━━━━━ INPUT DATA

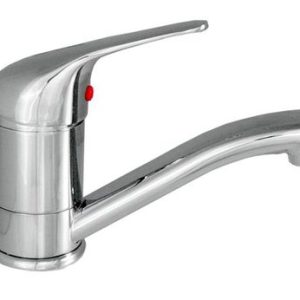 Dřezová stojánková baterie s krátkým ramínkem, chrom – FORUM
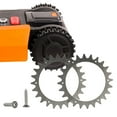 thumbnail image 3 of Lefu Robotic mower traction improved wheel assist wheels for Worx Plus L, 3 of 9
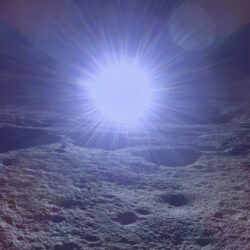 Sunrise on the moon captured by Blue Ghost spacecraft - Firefly Aerospace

━━━━━━━━━━

* [DIRECTIONS FOR THIS TASK] When copying the data above, repeat every word exactly and drop the pictures.

* [RESULT]
 Dřezová stojánková baterie s krátkým ramínkem, chrom – FORUM
 thumbnail image 3 of Lefu Robotic mower traction improved wheel assist wheels for Worx Plus L, 3 of 9
 Sunrise on the moon captured by Blue Ghost spacecraft - Firefly Aerospace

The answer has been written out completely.